Comparative Persianate Aesthetics Symposium
Comparative Persianate Aesthetics Symposium
Boston University
September 28-29, 2017
154 Bay State Road, The Eilts Room
Free and open to the public
Middle Eastern and South Asian studies in the last decade have been energized by the idea of the “Persianate” cultural realm in which the Persian language and courtly conduct (adab) played a central role in societies from the Balkans to Bengal, giving rise to a transnational Muslim cosmopolitanism. This intellectual framework has enabled scholars to examine modes of cultural exchange between powerful polities such as Ottoman Turkey, Safavid Iran and Mughal India, as well as with Europe. Gift-giving between the different courts resulted in a unprecedented movement of objects in this cultural region. Until today important paintings and manuscripts of literary and historical works are preserved in far-flung libraries from Sarajevo to Patna as scholars retrace their early modern itineraries.

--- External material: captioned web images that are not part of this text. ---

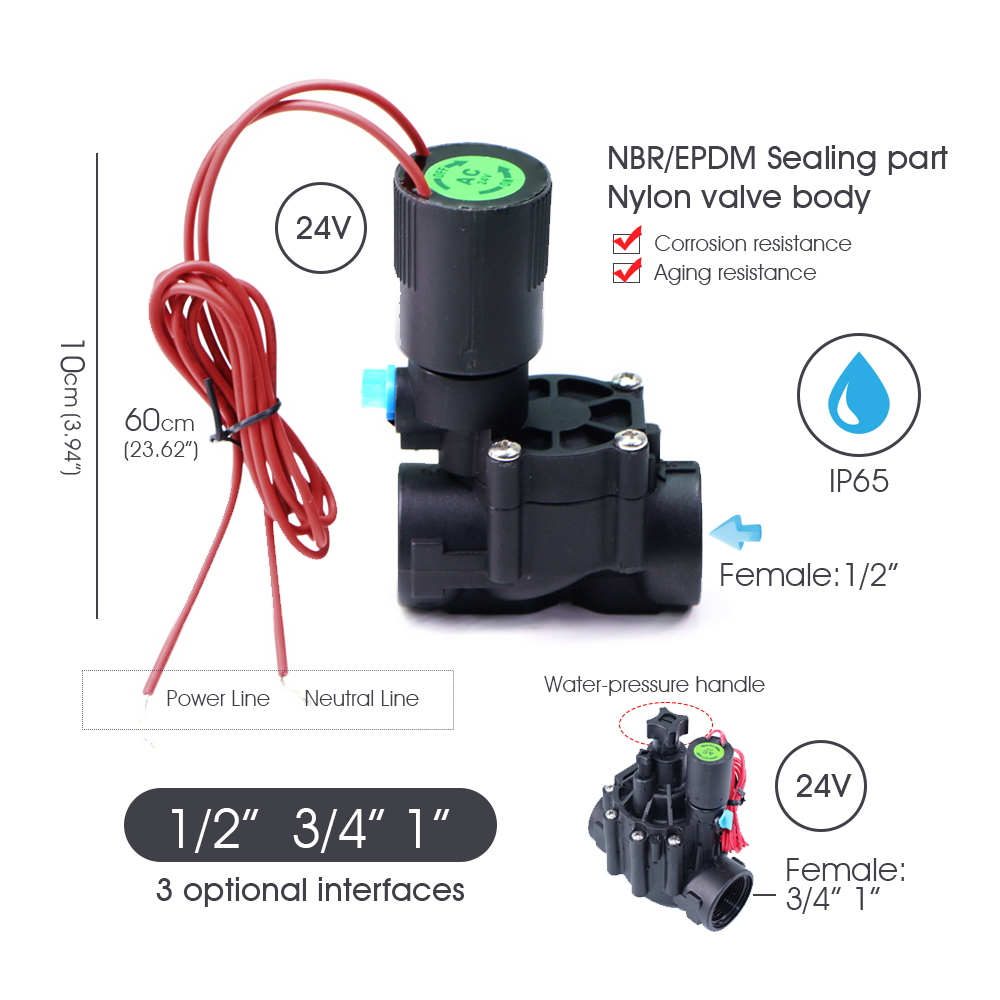 Garden Hose Solenoid Valve Con - Smart Garden Nursery 리뷰 및 가격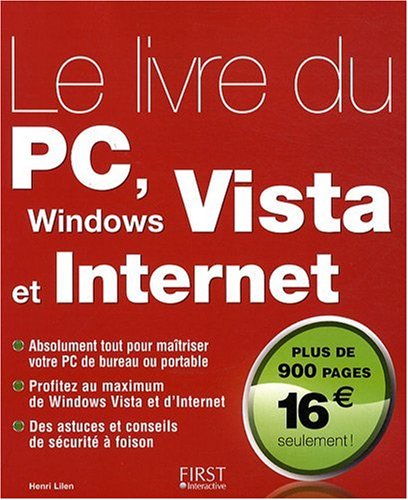 Le  livre du PC, Windows Vista et Internet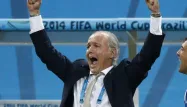 Alejandro Sabella a exprimé sa joie lors de la qualification, au bout d'un match ennuyeux, de l'Argentine face aux Pays-Bas.
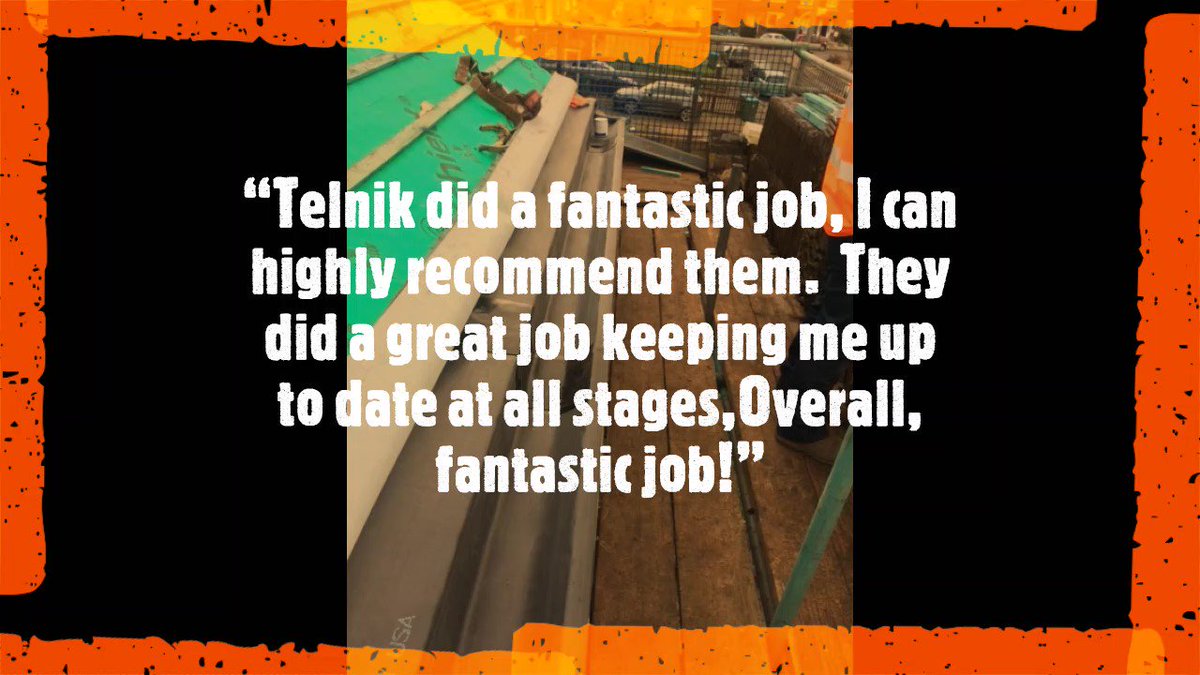 Some amazing feedback received today from tenants of a local housing association that we work with.  Check out our website to find out more about us! ow.ly/M9Ut30iq2VQ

Our symposium will focus on the changing relationship that literary and historical texts and paintings had to Persian cosmopolitan models in the sixteenth to eighteenth centuries, and how they themselves became starting points for distinctive traditions that drew inspiration from local and regionally-specific cultural practices, including the non-courtly. We will also examine the ways in which vernacular production in turn transformed Persian culture. We will approach this topic through a variety of conceptual frameworks: translation, imitation, hybridity, and innovation, across various humanistic disciplines. Individual papers will discuss textual genres such as epic and love lyrics, images in illustrated manuscripts and albums, practices and performances, in their cultural contexts, but also comparatively.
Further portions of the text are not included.